_Work to be completed:_ Using the data below, set down every line from the one containing "Formazioni geologiche a" through the one containing "Кроссовки adidas (1 фото из 4)", inclusive and unchanged. Pictures are to be skipped.

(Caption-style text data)
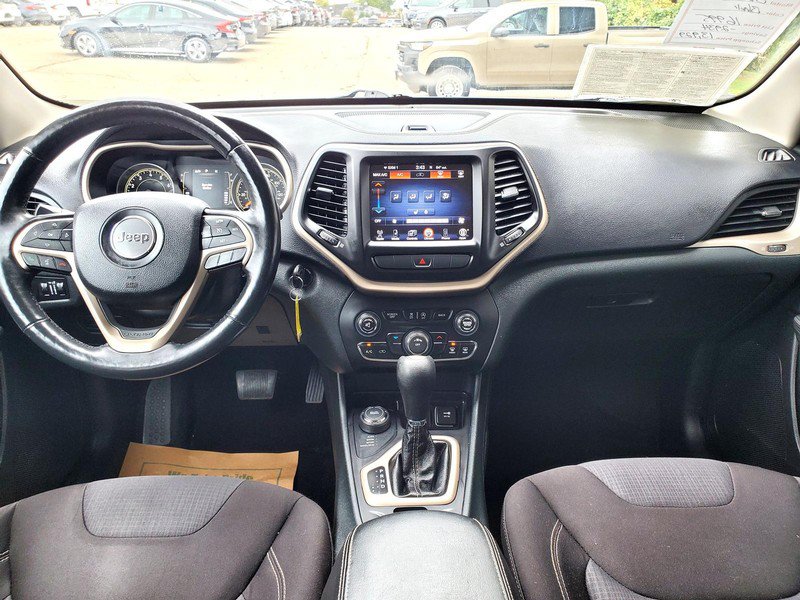 Used 2015 Jeep Cherokee Latitude w/ Cold Weather Group AWD/4WD image 8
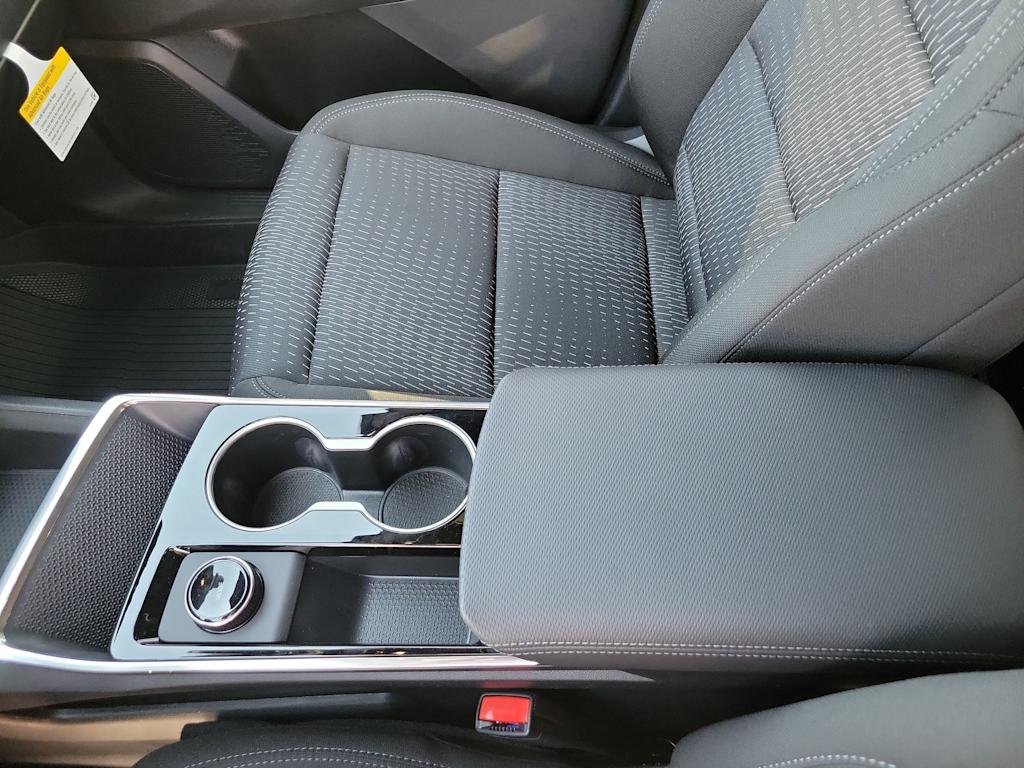 Thumbnail: 2026 Chevrolet Equinox - 16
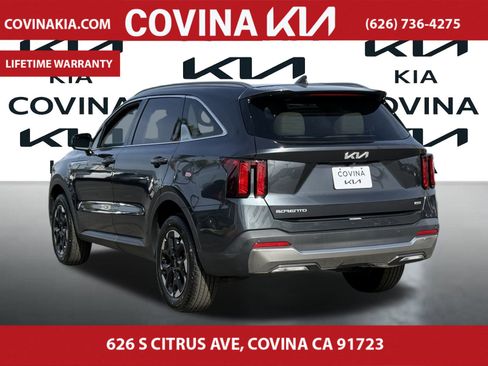 Certified 2024 Kia Sorento S w/ Panoramic Sunroof Package image 6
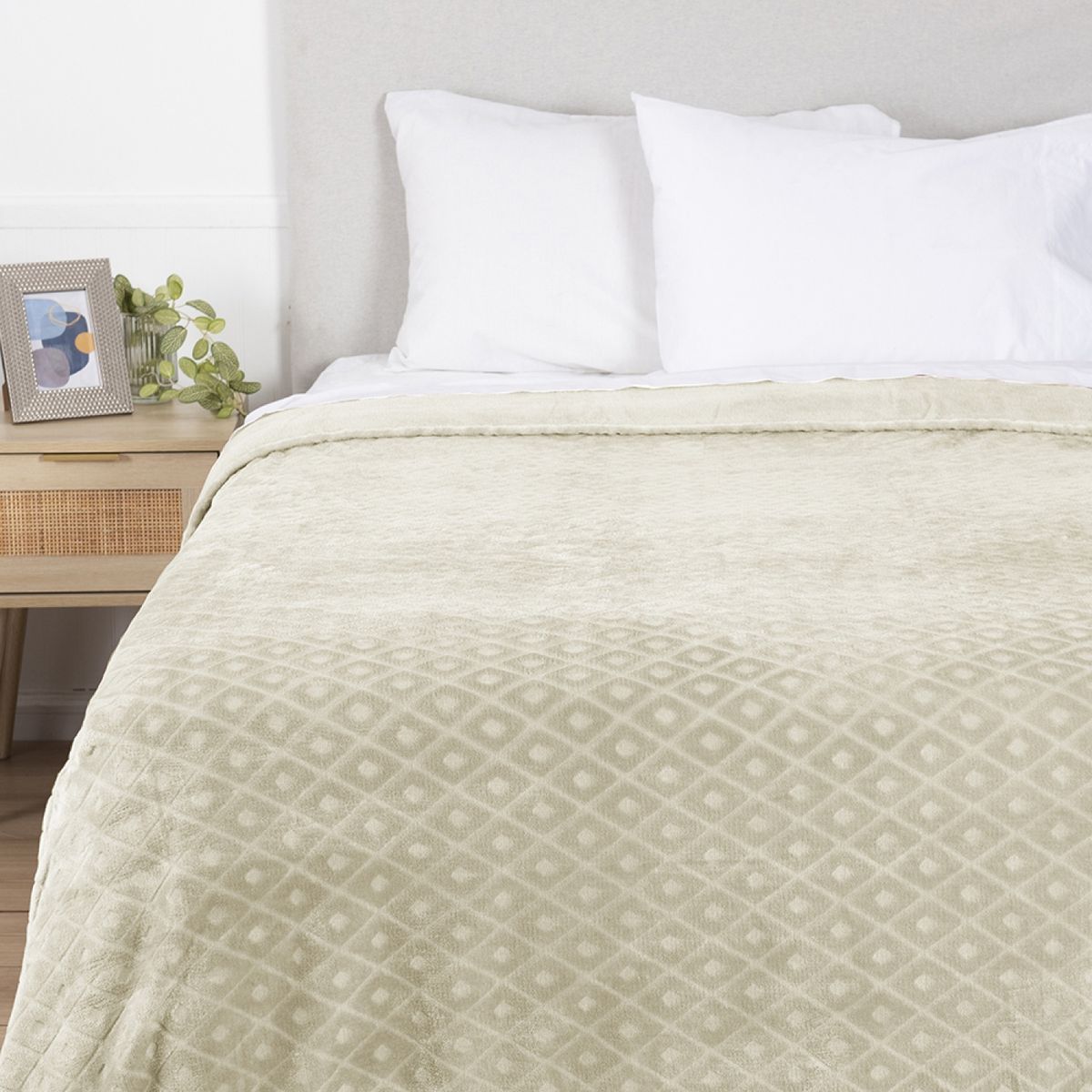 MASHINI - Frazada Coral Embossed Mashini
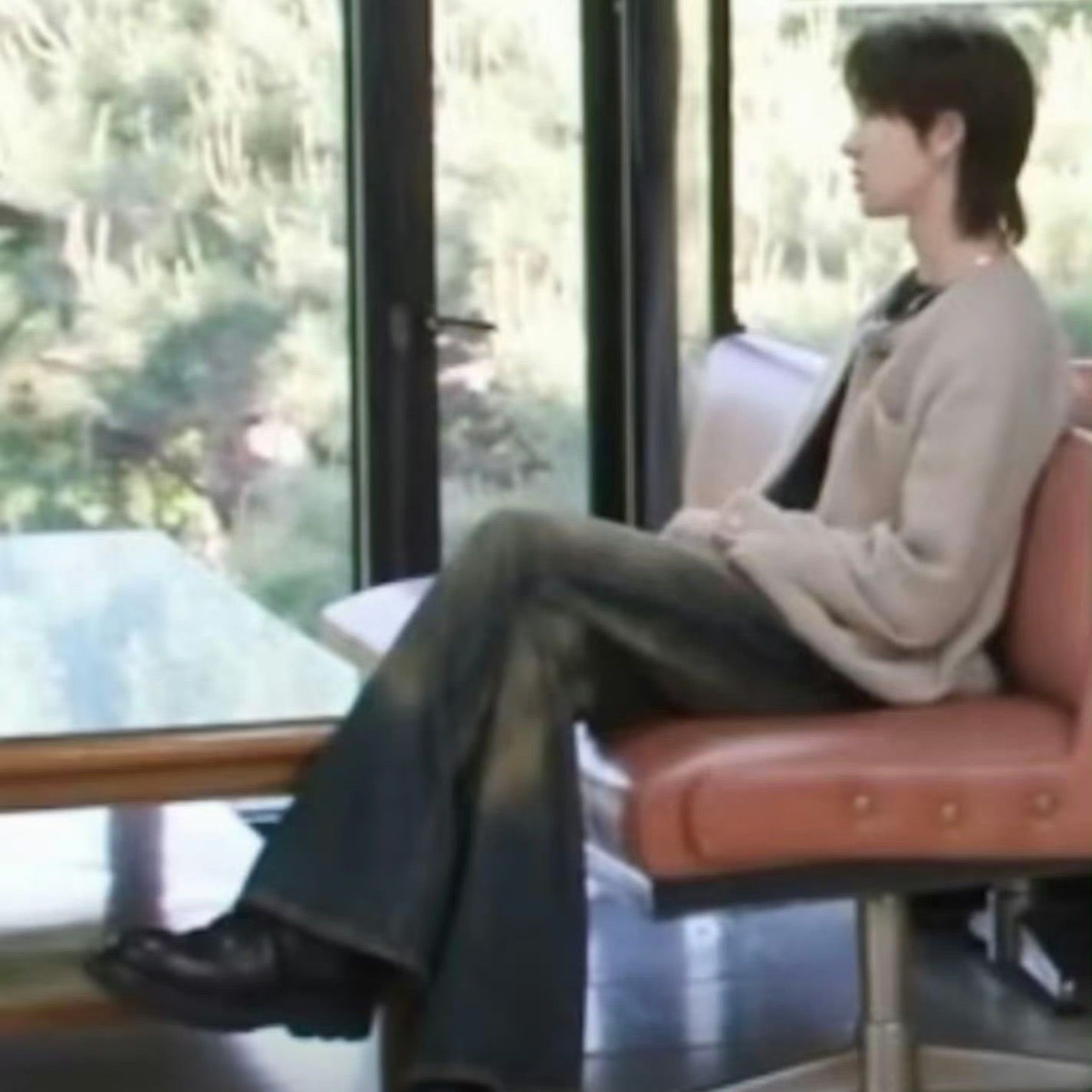 Behind-the-scenes cut of The 8 (SEVENTEEN)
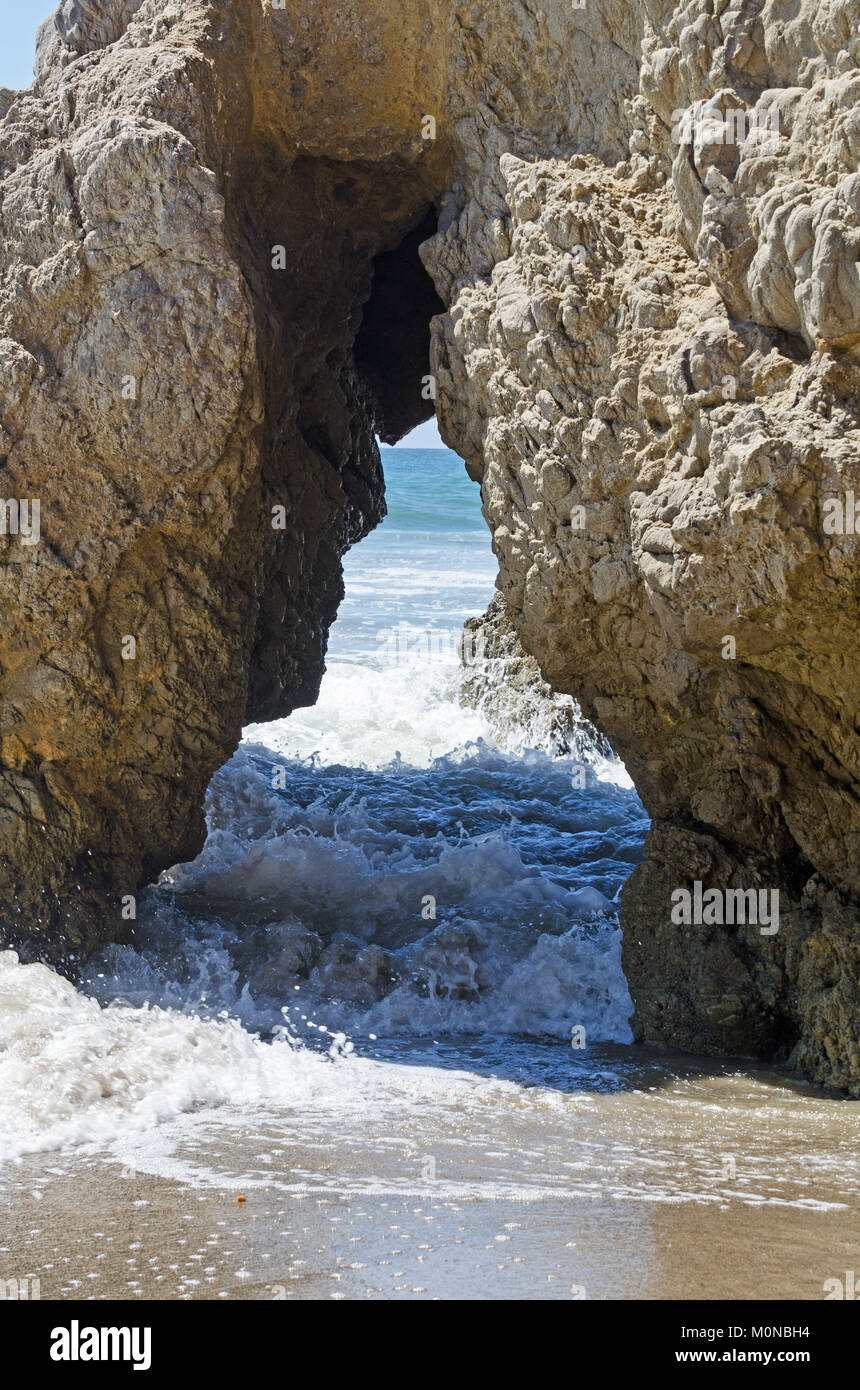 Formazioni geologiche a El Matador State Beach, Malibu, California. Foto Stock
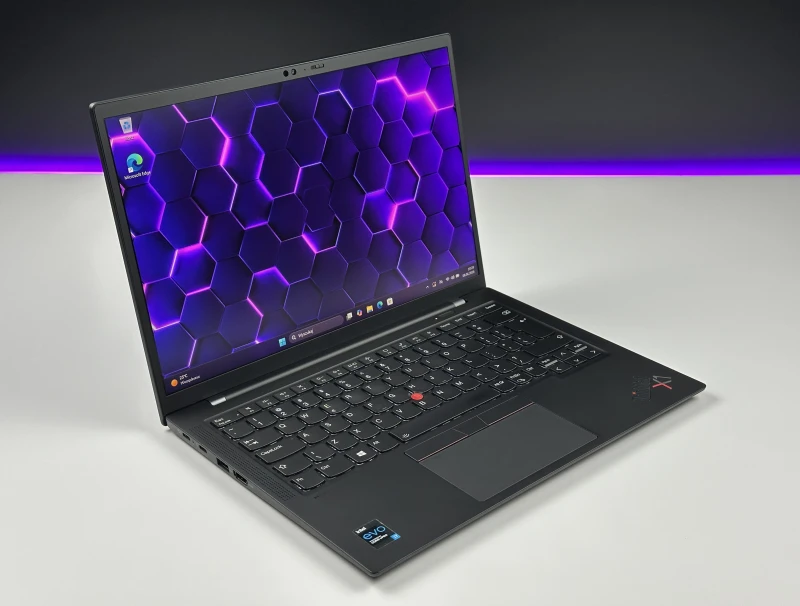 Lenovo ThinkPad X1 Carbon Gen 9 – i7-1185G7 i matryca FHD+. Lekki, premium ultrabook biznesowy do pracy mobilnej, biura i multitaskingu.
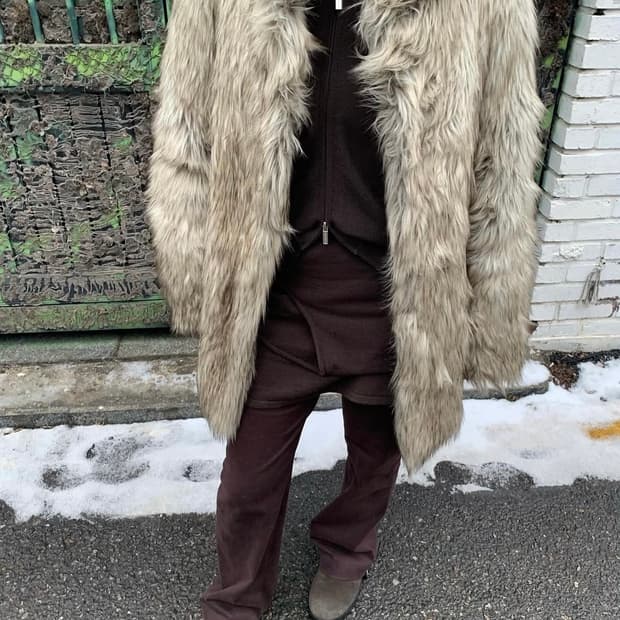 스튜디오테이블 롱헤어 퍼자켓 퍼코트 베이지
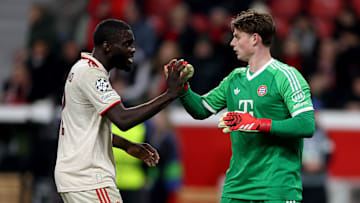 Dayot Upamecano (l.) bleibt den Bayern treu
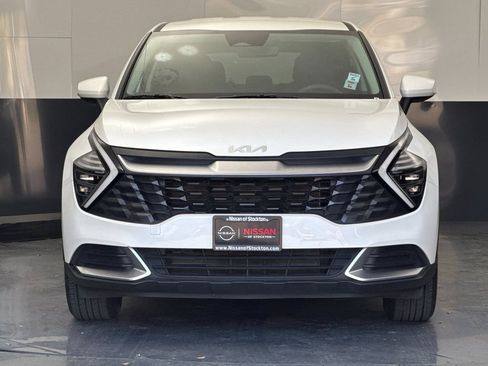 Used 2024 Kia Sportage LX image 8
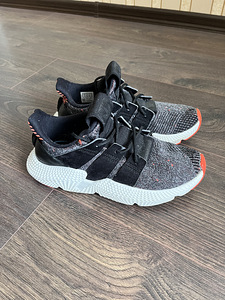 Кроссовки adidas (1 фото из 4)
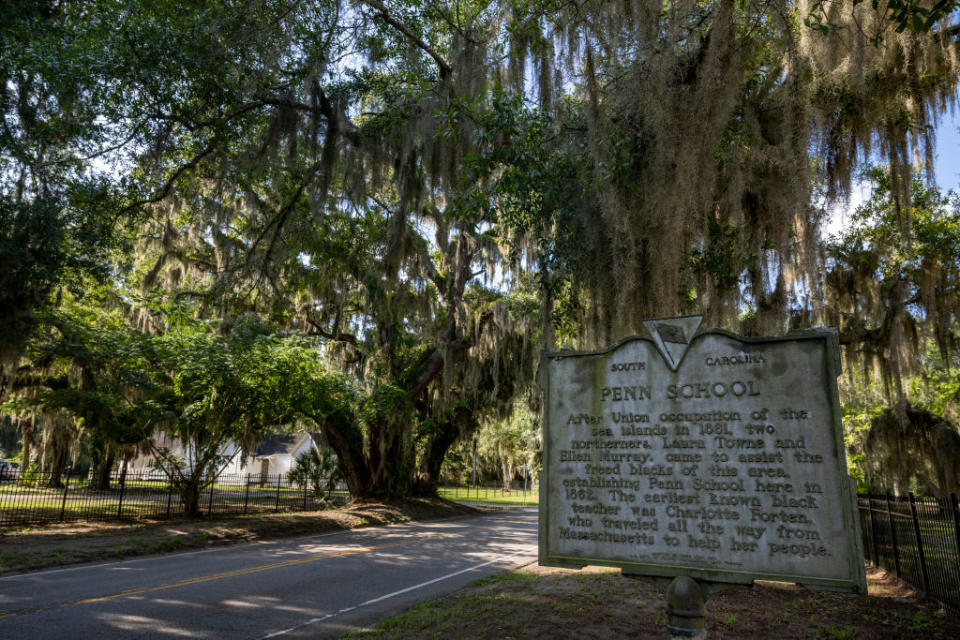 Un marcador histórico en Penn Center, la primera escuela en el sur para africanos que estuvieron esclavizados, se encuentra justo afuera del recinto del museo en St. Helena, Carolina del Sur, el 11 de julio de 2023 | Foto de JIM WATSON/AFP vía Getty Images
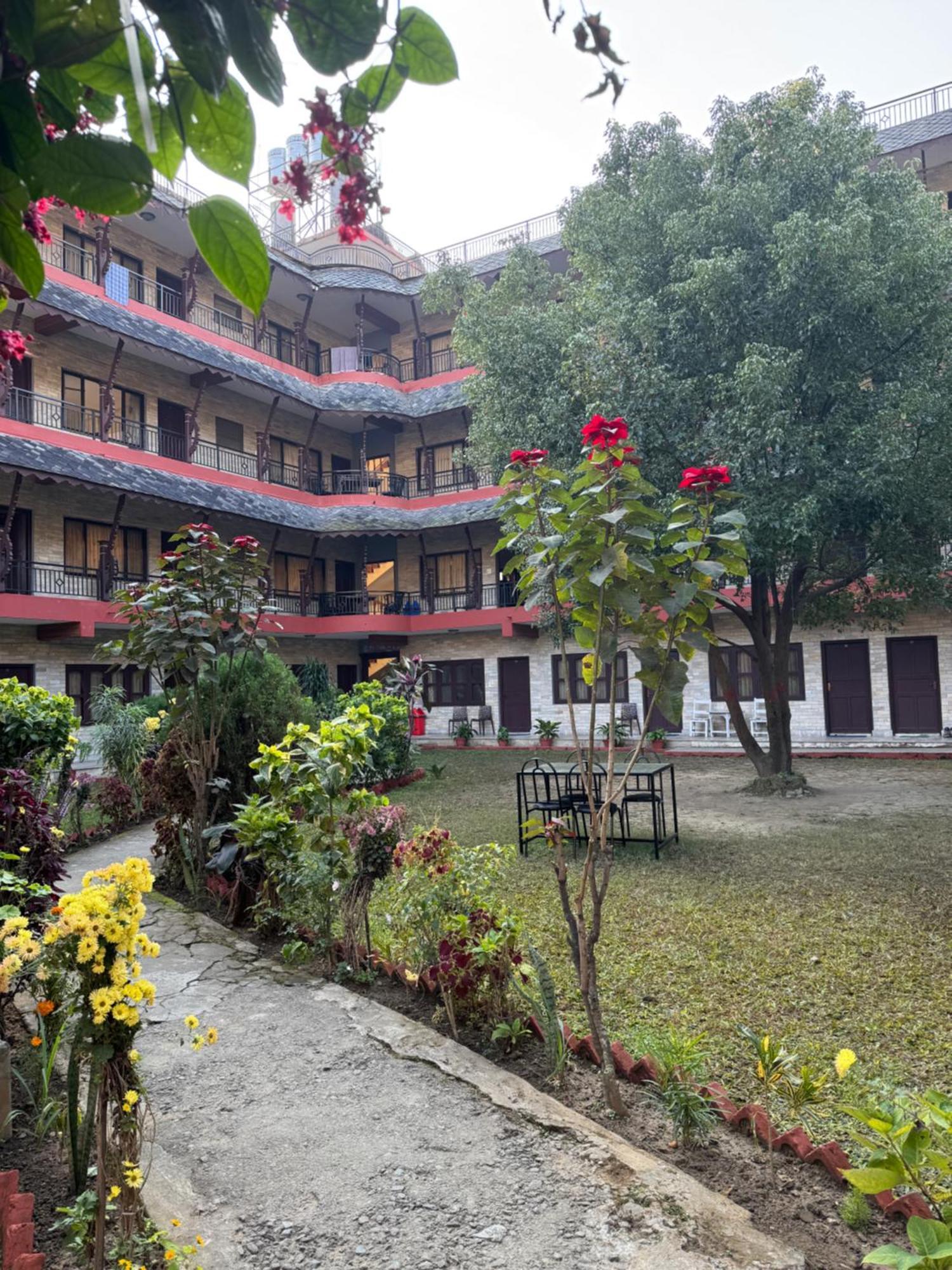 Butterfly Lodge Pokhara Luaran gambar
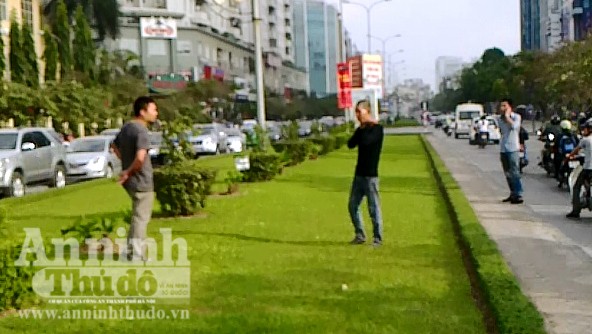 Phê ma túy đá, nam thanh niên tự dùng mảnh sành cứa cổ ảnh 1 Phê ma túy đá, nam thanh niên tự dùng mảnh sành cứa cổ ảnh 1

_Response to this exercise:_
 Formazioni geologiche a El Matador State Beach, Malibu, California. Foto Stock
 Lenovo ThinkPad X1 Carbon Gen 9 – i7-1185G7 i matryca FHD+. Lekki, premium ultrabook biznesowy do pracy mobilnej, biura i multitaskingu.
 스튜디오테이블 롱헤어 퍼자켓 퍼코트 베이지
 Dayot Upamecano (l.) bleibt den Bayern treu
 Used 2024 Kia Sportage LX image 8
 Кроссовки adidas (1 фото из 4)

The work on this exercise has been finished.